Innovative ideas proposed:

We develop a new algorithm, namely The Uniform Placement of Alters on Spherical Surface (U-PASS), to illustrate a network in a three-dimensional space with the consideration of alter edges and alter clusters. It can allocate alter nodes more uniformly than traditional methods in terms of some spherical metrics.

We extend the U-PASS to be used in a general network without a pre-defined ego node. The main improvement is the introduction of the second concentric spherical surface to allocate the indirect alter nodes in a network.

We further the U-PASS to be used in a general weighted network. Instead of two separate concentric spherical surfaces, we allow the allocations of alter nodes in the three-dimensional space between two concentric spherical surfaces, and the distances of these alter nodes to the center are calculated from their weights on the edges.

We develop a new criterion called the generalized spherical cap discrepancy (gSCD) for quantifying the uniformity of alter nodes on a collapsed spherical surface.

Potential impact of the work:

The introduction of U-PASS provides a better visualization experience for users to get insights from the structure of the network.

The improvement from the standard U-PASS broadens the use of this technique to more general networks.

The problem to be solved:

Past researches have focused on the structural characterization of networks and their generative mechanisms, whereas little is known about their diversity. This particular aspect of network analysis is important due to the fact a network is a manifestation of how nodes interact with each other, and the diversity of a network may be related to the macroscopic behavior of a complex system. Node relevance is another property that is seldomly mentioned in the network analysis, but when a large-scale network is given, this quantity helps in reducing the computational complexity originated from the large number of nodes. Node similarity considers how similar two nodes in a network is, which not only in terms of node attributes but also in terms of its structural configuration. Two similar nodes in both node attributes and structural configurations may imply some connections or similarities on the nodes' entities.

There may be other new node properties that are never considered in the past. The key difficulty in this project is to provide a good and interpretable definition to these new properties, and hopefully they have some connections to the existing node properties like various centralities.

Innovative ideas proposed:

We develop measures for assessing how diverse a network is based on (1) the notation of regular or structural equivalence, measuring the similarity between node positions in a network, (2) the concept of positional centrality where diversity is defined in terms of how diverse species centrality values are in a network, and (3) the average similarity in nodes' interaction profiles.

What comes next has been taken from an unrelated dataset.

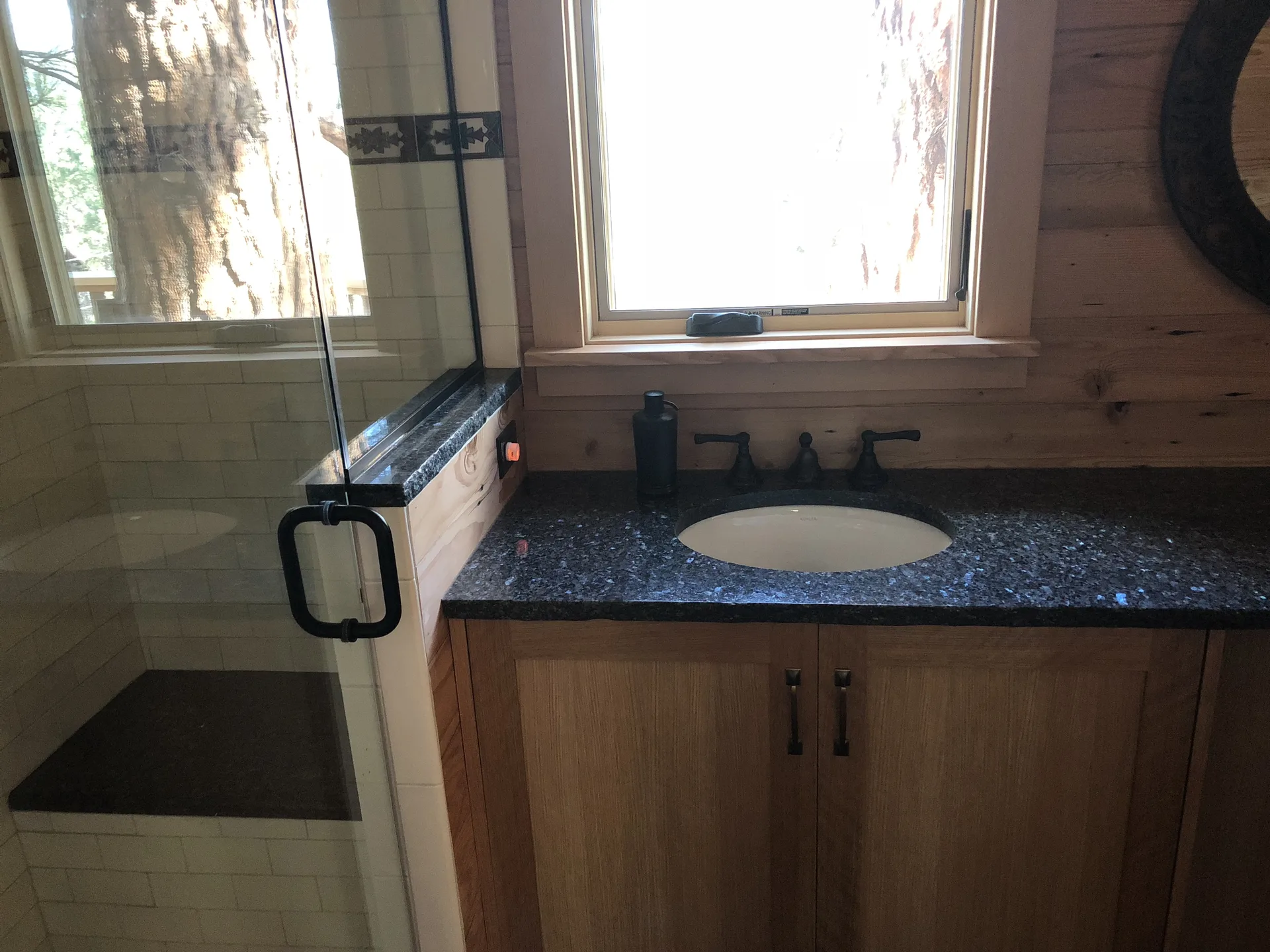 Blue Pearl granite bathroom vanity with wood cabinetry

We develop measures for quantifying how relevance a node is towards the network structure. These measures are based on the difference of characteristics of the whole network and the reduced network with the target node is removed. They may include the change in degree distribution, the change in network connection density, the change in the number of n-nodes cycles, etc.

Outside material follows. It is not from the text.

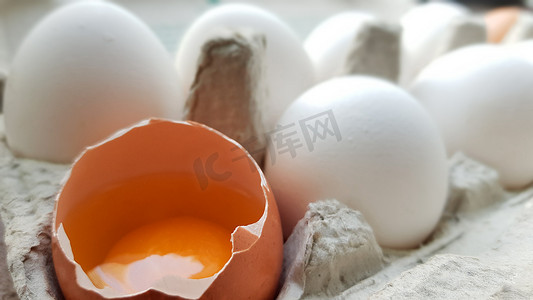 鸡蛋碎了摄影照片_在其他鸡蛋中，有一个鸡蛋已经破了一半。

We develop measures for determining how similar two nodes are in a given network. The similarity of two nodes includes both the node attributes and the neighboring node structural configurations.

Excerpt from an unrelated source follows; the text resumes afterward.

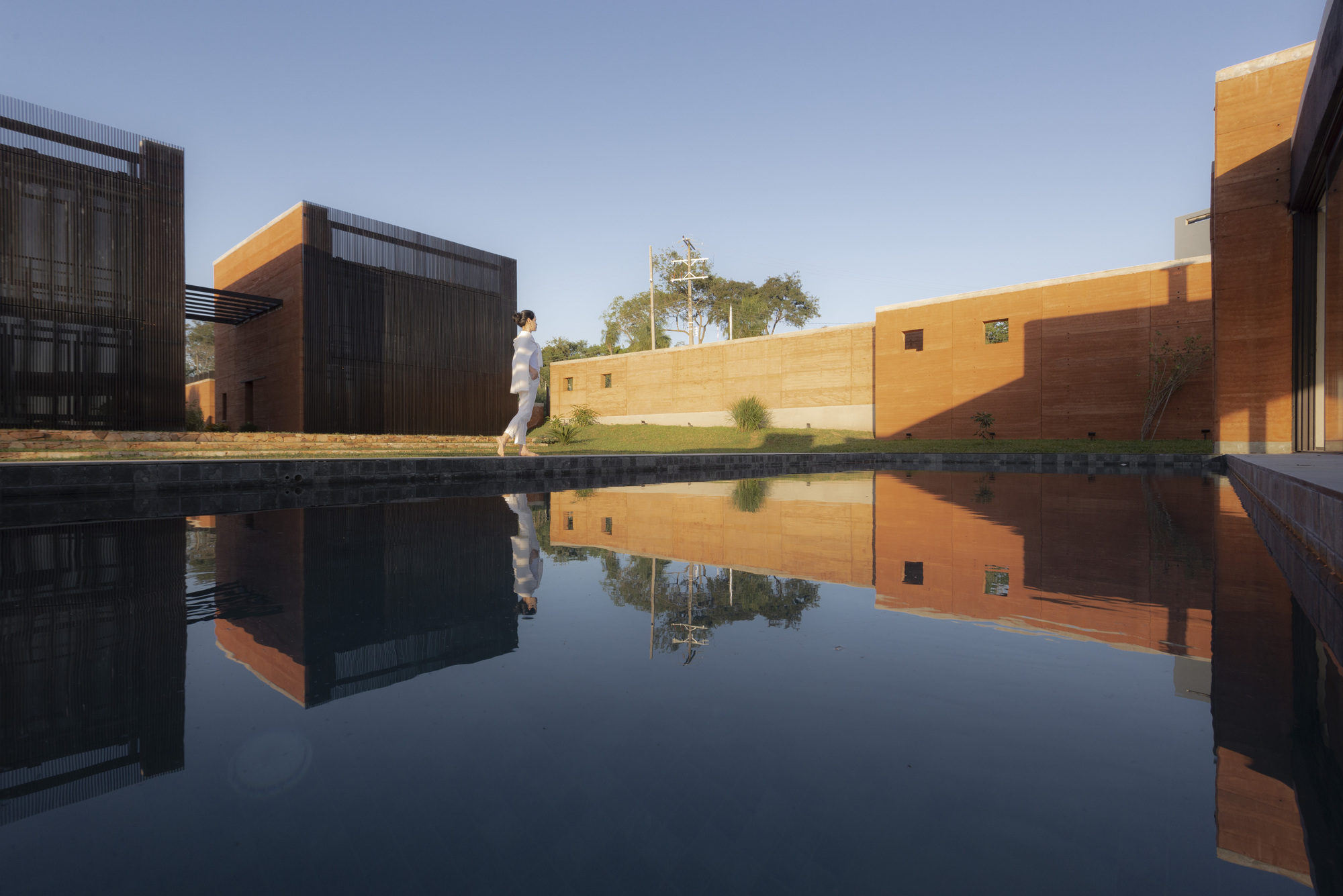Reflecting pool mirroring the corrugated metal and rammed earth facades with a figure walking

Potential impact of the work:

All three new properties, together with many new unknowns, will provide measures and descriptions of a network from different angles when compared to traditional properties like centrality. All new properties have their own measures, algorithms and methods, statistical interpretations and connections to the traditional properties, so practitioners can view their networks from various different points of view and obtain new insights from different perspectives.